07.10.02 just to watch him die


we also commemorated the hottest day of the summer by making a big ol' pot of pumpkin and tomato bisque. to our aid came one crescent dragonwagon, the creator of a dubious soup and bread cookbook.
Combine flour and water, from which we crawled, of which we are largely made, and without which we cannot live. Add salt-of-the-earth, just a bit; salt for savor, for soul, the sharp and dangerous mineral wrested from nature yet part of nature, a rock that can be eaten, which dissolves in water only to return, unchanged and crystalline, when the water evaporates. Add yeasts, airborne vegetal travelers, which themselves make the dough "travel" (and where? Up into the air, of course!).
my mother footnoted the book with observations on individual recipes (Good w/cheese, but looks like vomit).

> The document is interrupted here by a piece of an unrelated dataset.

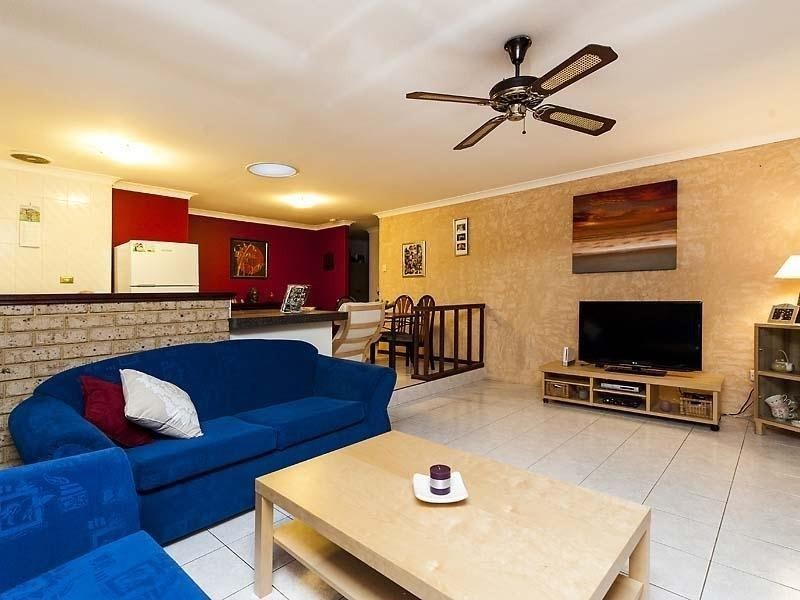 16 Nyunda Drive, Wanneroo WA 6065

acquired johnny cash at folsom prison, get rhythm & story songs of the trains and rivers, and pink lemonade as paul napped. fine substitutes for air conditioning.

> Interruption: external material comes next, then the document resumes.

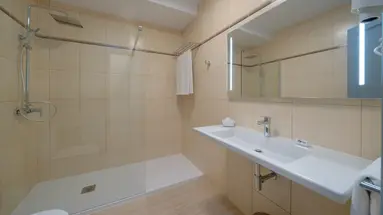Santa Rosa Apartments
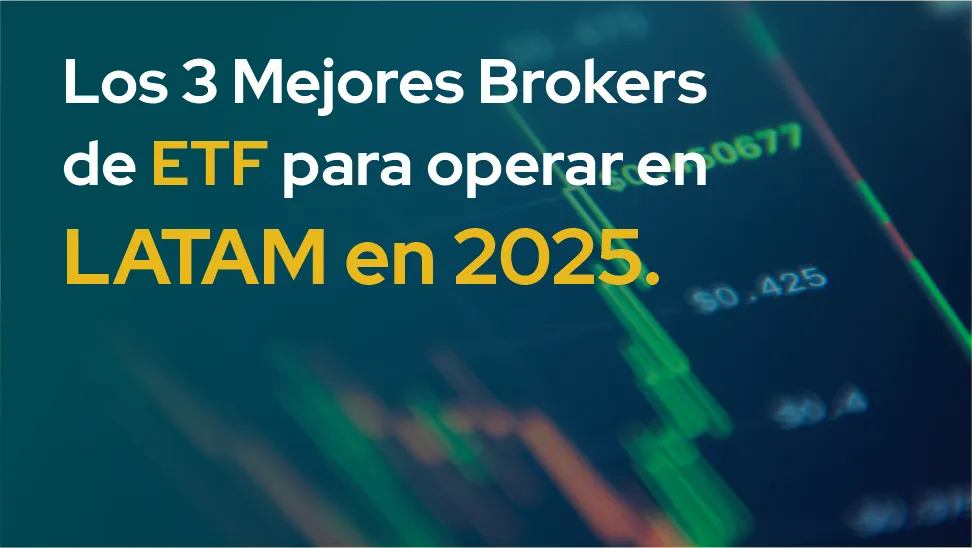 ETF ETF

today we rendezvous with ray / bellona times in berkeley. onward, christian soldiers -
07.09.02 all that's right with our great country


Paul here again, using the shift key and advising everyone to go read Ian McEwan's Atonement pronto. The prose is so good that I cannot quote the prose to demonstrate how good it is. It is far too subtle. Also, I left the book in Reno. But it was a terrible shock to move from that to American Pastoral, 25% of which I read on the Amtrak coming down here. So far I don't know. Very little is happening, and the things that do happen are buried under four stomachs' worth of rumination. (Trenchant and considered rumination, to be sure, but I really dislike essays masquerading as narrative.) It doesn't bother me that Roth feels compelled to put a circle jerk in his idyllic 1950s America—I mean, you expect that sort of thing from the man—but it's a bad sign that said circle jerk, which takes all of two sentences, is actually one of the more memorable events so far. We'll see. Frank Conroy claims it's the best American novel since The Great Gatsby, so maybe Roth's just been clearing his throat so far.

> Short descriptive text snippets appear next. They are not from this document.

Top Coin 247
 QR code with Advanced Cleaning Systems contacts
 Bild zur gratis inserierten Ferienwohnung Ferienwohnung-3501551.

Singing Scrabble: you put down a word, you sing part of a song containing that word. It's harder than you think, and sometimes it leads to inelegancies like "Qat Scratch Fever," and it requires you to drink a lot of red wine so that the next day, when you are in the Middle Eastern restaurant for lunch, your head abruptly folds on itself and your stomach, thrown off balance, tries to reject the tabouleh you've been giving it and for the next three hours you can only lie on the couch and drink tapwater. This requires a change in plans, for I must be a hardy young man to sleep on the beach this weekend.